In an exclusive interview with Cointelegraph, Blockstream mining sales head James Macedonio revealed that the company plans to take advantage of the “huge separation” in the value of Bitcoin (BTC) and ASIC mining equipment.
Blockstream is launching the Blockstream ASIC (BASIC) Note in partnership with Luxembourg’s digital securities market STOKR. Macedonio said Blockstream will first raise $5 million for its Series 1 BASIC notes, worth $115,000 each, to buy ASICs, storage on a large scale, and then sell them back into the market as hardware demand picks up in 2024.
The 24-month investment note will be open to accredited international investors, and Macedonio said it expects to invest within 12 to 18 months, given that Bitcoin’s next mining reward halving is due in April 2024. See returns within.
Blockstream also notes that BASIC is intended as a bitcoin-based investment vehicle designed to “generate bitcoin-to-bitcoin returns.” The firm also expects the majority of investments to be made using bitcoin.
According to Macedonio, the price of ASIC miners (specialized hardware used to mine proof-of-work cryptocurrencies such as bitcoin) is nearly 10 times lower than its peak around December 2021.
“Bitcoin is half the price, but ASICS is a tenth the price, and historically, they have been highly correlated.”
The Blockstream team has previously pointed out that the value of ASIC mining machines is usually correlated with the price trend of Bitcoin, and the appreciation of Bitcoin will cause the price of mining machines to increase.
Macedonio pointed to a number of factors contributing to the stagnation of mining hardware prices compared to bitcoin’s recent price recovery to its current level of around $30,000.
“A lot of companies are over-leveraged using bitcoin as collateral.
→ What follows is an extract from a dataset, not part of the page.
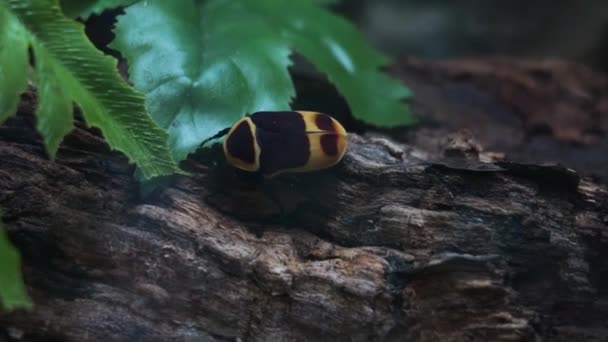 Close Bronzovka Congolês Pachnoda Marginata Uma Espécie Insetos Coleópteros Polífagos — Vídeo de Stock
So when bitcoin goes down, they default. Some of these lenders have huge inventories of miners that are being pushed into the market.”
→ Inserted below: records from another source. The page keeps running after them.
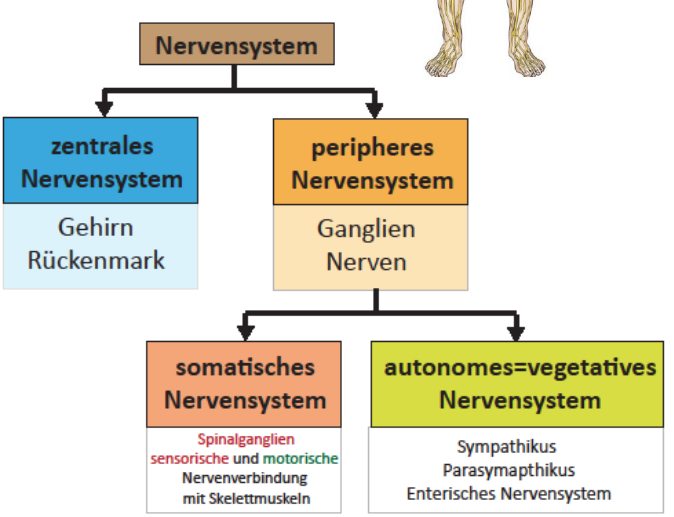 Somatisches NS:
- «willkürliches» Nervensystem
- stimulierender Effekt
- Efferenzen (motorisch): Kontrolle der quergestreiften Skelettmuskulatur,
- direkte Verbindung ZNS > Muskel
- Afferenzen (sensorische): bewusste Sinneswahrnehmung

Autonomes NS:
- «automatische», unbewusste Steuerung von Organsystemen
- stimulierender oder inhibierender Effekt
- Efferenzen: Kontrolle von glatter Muskulatur, Drüsen
- Verschaltung ZNS > sympathisches/parasympathisches Ganglion > Effektor Organ
- Afferenzen: Information von Organen, Blutzusammensetzung, Verdauungsvorgänge

Viele Nerven enthalten somatische und autonome Fasern! Manche Organfunktionen (z.B. Atmung) können sowohl vom somatischen als auch vom autonomen System gesteuert werden!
The surge in energy prices in 2022 has challenged miners’ Bitcoin profitability, which has also created an oversupply of ASIC mining machines in the secondary market. Macedonio said the reason for the lack of recovery in ASIC mining machine prices is the lack of ability to operate the machines and the difficulty of raising funds to buy more hardware.
Related: Blockstream Raises $125M to Fund Bitcoin Mining Expansion
Blockstream expects a positive price adjustment for ASIC hardware and plans to raise funds to purchase ASIC hardware and store it in bonded warehouses.
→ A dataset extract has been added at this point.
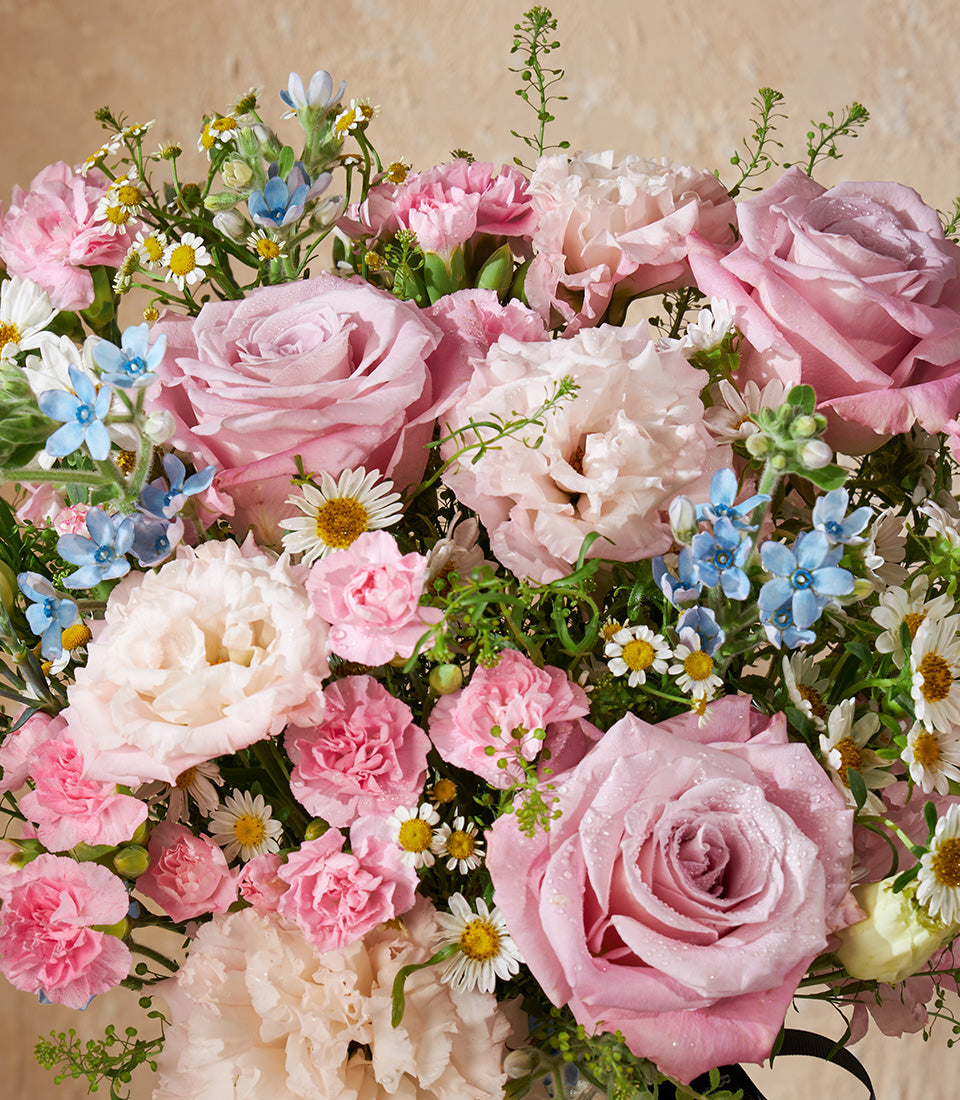 Blush Harmony fresh flower bouquet with pink roses, cream carnations, white daisies, and light blue flowers in clear vase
Blockstream will seek to raise its $50 million goal through a $5 million funding round. Macedonio added that while the company will seek to acquire the most efficient machines on the secondary market, the possibility of a bitcoin bull run could drive demand for less efficient machines:
“If bitcoin goes to $70,000 or higher, people will try to buy whatever ASICs they can to start mining because they will be very profitable.”
Blockstream primarily plans to purchase Bitmain and MicroBT mining rigs, which Macedonio emphasized are popular and have historically had good resale value.